Qatar Insurance Group (QIC)
- Founded: 1964
- Headquarters: Doha, Qatar
- Key people: Salem Khalaf Al Mannai (CEO) Sheikh Hamad bin Faisal Al Thani (Chairman)
- Number of employees: 125
- Website: qic-group.com

= Qatar Insurance =

Qatar-based insurance company

Qatar Insurance Group (QIC, QIC Group) is a Qatari insurance company, headquartered in Doha. QIC Group was listed 73rd on Forbes Middle East top 100 companies in 2022 and 72nd on the Fortune 500 Arabia list for 2023.

QIC was established in 1964 as the first domestic insurance company in Qatar. The company has since expanded its operations to include various insurance lines. It operates in ten countries, including Qatar, Oman, Kuwait, the United Arab Emirates, and others.

== History ==
Qatar Insurance Company (QIC) was established in 1964 with the involvement of the Qatari government and private investors. It was one of the first insurance companies in Qatar. QIC expanded its operations to the United Arab Emirates, Oman, and Kuwait in subsequent years. In 2008, the company initiated a global expansion under the name Qatar Insurance Group.

QIC started focusing on developing its presence and operations in the European and Asian markets through the establishment of Qatar Reinsurance Company Limited (Qatar Re) in 2009, and later on with the acquisition of Antares Holdings Limited together with its subsidiaries in 2014, a leading global specialist insurer and reinsurer operating in the Lloyd’s of London.
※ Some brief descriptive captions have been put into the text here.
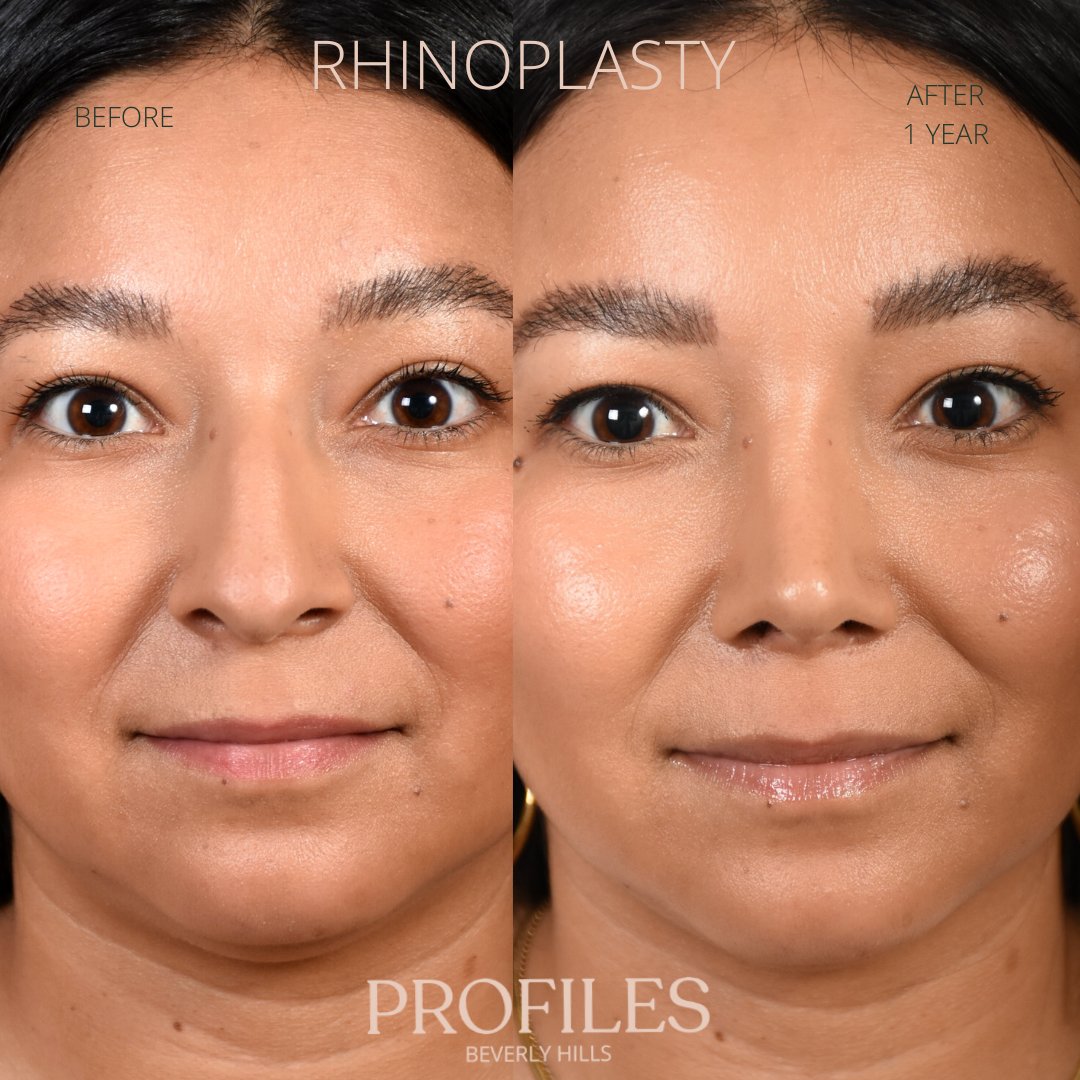 FacialPlastics's tweet photo. 📞310-276-6800
🏠 435 N Bedford Drive, PH500, Beverly Hills, 90210
👃Rhinoplasty
🗓 Before and After 1 Year
🛏 About 1 week, the cast gets taken off after 6 days

Swipe ⏩⏩⏩ for more views

Call or DM us to schedule your consultation

We also offer virtual cons... https://t.co/L8vhJ6VZ54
In May 2019, Epicure Investment Management LLC (“EIM”) a regulated investment manager that is registered in the Qatar Financial Centre was established. Anoud technologies LLC is the Group’s tech arm and was established in 2020.

The Company’s shares were first listed on the Doha Securities Market (now known as the Qatar Stock Exchange) in 1997. QIC Group has a diverse global investment portfolio, including insurance, reinsurance, insurtech, asset management, and real estate sectors. It offers a full range of personal lines of insurance including car, motorcycle, travel, home, boat, life & medical insurance, as well as commercial insurance, including property, commercial, marine, aviation, energy, and motor fleet insurance.

== Awards ==
- Mobile App of the Year , 2024, Qatar accolade at Insurance Asia Awards
- Best travel insurance company in the Middle East, 2024, Global Banking & Finance Review Awards.